*** Block opens ***

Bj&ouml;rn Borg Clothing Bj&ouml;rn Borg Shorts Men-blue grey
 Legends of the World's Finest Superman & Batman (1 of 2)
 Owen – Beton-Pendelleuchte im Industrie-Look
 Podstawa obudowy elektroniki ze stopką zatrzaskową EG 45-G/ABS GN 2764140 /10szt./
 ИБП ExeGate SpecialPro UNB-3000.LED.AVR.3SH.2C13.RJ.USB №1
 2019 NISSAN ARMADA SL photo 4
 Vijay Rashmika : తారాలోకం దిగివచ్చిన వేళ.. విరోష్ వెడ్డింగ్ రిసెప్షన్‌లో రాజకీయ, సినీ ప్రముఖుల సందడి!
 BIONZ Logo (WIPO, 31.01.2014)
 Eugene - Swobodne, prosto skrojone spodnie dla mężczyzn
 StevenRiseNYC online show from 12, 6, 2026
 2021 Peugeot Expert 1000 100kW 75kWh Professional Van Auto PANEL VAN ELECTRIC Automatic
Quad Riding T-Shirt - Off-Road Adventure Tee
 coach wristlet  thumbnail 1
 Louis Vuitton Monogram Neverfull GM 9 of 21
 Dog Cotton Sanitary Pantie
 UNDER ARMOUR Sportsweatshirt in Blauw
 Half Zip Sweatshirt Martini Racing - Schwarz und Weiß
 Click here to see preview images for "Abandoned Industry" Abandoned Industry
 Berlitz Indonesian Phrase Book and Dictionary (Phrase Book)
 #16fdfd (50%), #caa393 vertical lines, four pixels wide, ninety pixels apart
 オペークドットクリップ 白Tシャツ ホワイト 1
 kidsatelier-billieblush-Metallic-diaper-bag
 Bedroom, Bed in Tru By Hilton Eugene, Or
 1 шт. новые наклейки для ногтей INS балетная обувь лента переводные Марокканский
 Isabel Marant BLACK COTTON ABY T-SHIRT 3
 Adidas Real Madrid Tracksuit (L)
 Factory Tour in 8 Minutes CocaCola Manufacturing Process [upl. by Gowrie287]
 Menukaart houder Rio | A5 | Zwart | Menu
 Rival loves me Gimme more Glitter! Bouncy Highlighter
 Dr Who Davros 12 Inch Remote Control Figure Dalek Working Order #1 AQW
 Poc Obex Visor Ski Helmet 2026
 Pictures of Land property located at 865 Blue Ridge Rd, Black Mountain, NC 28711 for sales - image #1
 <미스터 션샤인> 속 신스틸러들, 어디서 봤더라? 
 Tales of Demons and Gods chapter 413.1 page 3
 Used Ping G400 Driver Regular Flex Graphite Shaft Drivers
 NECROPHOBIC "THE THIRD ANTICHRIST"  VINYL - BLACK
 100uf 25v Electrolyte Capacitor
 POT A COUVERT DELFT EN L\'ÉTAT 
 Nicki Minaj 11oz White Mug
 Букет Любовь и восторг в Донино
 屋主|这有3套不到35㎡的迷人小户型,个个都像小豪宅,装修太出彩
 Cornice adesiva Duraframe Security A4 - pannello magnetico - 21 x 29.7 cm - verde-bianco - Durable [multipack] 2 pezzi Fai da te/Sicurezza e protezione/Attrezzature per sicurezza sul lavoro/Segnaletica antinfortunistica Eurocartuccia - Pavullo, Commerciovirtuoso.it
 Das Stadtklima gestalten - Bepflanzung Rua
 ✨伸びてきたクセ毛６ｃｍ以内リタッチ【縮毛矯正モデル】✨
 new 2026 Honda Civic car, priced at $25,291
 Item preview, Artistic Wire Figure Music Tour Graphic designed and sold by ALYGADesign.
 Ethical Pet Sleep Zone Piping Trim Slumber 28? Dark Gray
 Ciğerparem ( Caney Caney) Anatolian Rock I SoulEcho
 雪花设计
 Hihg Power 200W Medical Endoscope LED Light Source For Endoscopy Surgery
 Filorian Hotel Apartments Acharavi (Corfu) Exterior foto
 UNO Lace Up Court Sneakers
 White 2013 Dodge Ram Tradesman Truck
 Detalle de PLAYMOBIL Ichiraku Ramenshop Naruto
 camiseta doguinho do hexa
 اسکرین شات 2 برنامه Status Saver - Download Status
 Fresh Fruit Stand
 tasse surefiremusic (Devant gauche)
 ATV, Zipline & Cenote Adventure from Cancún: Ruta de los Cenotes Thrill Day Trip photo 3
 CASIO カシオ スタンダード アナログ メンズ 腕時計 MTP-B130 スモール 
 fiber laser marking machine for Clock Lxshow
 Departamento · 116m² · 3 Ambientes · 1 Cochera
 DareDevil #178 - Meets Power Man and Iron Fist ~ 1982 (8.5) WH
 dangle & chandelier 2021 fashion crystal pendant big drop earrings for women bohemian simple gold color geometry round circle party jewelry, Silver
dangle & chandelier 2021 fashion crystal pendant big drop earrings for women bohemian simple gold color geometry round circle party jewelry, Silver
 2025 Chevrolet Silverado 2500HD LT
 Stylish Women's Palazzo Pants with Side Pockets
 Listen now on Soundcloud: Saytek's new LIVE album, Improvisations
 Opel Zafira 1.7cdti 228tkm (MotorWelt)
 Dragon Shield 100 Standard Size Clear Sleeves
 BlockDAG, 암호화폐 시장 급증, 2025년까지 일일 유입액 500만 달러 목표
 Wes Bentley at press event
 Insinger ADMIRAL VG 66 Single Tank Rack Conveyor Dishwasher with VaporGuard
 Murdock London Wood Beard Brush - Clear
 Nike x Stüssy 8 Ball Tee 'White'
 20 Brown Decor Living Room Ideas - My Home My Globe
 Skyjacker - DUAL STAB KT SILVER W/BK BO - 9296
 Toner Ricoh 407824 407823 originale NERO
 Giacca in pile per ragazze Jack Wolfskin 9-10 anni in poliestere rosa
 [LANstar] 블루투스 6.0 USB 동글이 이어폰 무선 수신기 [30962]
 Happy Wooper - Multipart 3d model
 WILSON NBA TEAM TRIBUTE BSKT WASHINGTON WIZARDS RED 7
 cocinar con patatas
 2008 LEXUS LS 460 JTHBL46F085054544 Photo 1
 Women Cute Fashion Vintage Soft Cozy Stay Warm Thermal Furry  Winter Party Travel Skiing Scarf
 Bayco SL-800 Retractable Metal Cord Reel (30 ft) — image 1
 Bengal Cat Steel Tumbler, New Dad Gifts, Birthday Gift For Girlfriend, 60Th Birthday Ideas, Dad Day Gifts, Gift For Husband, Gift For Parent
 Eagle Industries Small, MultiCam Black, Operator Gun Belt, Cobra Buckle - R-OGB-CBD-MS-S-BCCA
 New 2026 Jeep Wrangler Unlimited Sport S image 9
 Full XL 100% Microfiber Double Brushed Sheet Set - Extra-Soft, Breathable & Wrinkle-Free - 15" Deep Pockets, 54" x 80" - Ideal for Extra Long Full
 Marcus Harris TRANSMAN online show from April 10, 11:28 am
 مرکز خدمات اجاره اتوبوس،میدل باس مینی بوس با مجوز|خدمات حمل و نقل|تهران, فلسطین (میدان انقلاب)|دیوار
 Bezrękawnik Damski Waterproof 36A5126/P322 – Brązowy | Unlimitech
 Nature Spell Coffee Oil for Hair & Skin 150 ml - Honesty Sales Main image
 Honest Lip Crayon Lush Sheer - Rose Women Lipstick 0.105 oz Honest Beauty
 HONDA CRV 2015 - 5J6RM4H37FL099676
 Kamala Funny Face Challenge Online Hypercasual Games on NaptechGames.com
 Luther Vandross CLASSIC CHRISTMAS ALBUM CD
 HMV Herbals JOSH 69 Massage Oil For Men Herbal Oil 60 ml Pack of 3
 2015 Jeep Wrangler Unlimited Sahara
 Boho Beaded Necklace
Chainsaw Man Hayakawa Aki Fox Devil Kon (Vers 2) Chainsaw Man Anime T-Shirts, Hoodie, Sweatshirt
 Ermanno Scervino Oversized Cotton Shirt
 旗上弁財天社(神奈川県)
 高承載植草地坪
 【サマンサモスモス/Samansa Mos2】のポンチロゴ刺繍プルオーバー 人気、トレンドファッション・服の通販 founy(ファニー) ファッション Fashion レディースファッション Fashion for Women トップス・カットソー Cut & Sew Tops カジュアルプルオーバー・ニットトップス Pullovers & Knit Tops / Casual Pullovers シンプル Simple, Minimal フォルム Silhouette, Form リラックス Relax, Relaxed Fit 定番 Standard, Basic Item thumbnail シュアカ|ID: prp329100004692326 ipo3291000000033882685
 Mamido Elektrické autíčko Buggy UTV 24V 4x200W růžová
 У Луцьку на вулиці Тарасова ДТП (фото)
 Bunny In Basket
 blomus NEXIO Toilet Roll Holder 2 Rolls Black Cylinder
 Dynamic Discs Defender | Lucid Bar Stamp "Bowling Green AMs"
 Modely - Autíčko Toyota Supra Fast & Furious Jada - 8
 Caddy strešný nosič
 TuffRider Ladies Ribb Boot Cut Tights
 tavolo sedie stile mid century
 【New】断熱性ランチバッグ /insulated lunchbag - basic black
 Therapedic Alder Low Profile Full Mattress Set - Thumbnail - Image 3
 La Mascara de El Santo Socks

*** Block closes ***

TASK TO CARRY OUT →
Only the lines above from the line with "Listen now on" to the line with "20 Brown Decor", those two lines included, should be reproduced exactly.

SOLUTION BELOW →
 Listen now on Soundcloud: Saytek's new LIVE album, Improvisations
 Opel Zafira 1.7cdti 228tkm (MotorWelt)
 Dragon Shield 100 Standard Size Clear Sleeves
 BlockDAG, 암호화폐 시장 급증, 2025년까지 일일 유입액 500만 달러 목표
 Wes Bentley at press event
 Insinger ADMIRAL VG 66 Single Tank Rack Conveyor Dishwasher with VaporGuard
 Murdock London Wood Beard Brush - Clear
 Nike x Stüssy 8 Ball Tee 'White'
 20 Brown Decor Living Room Ideas - My Home My Globe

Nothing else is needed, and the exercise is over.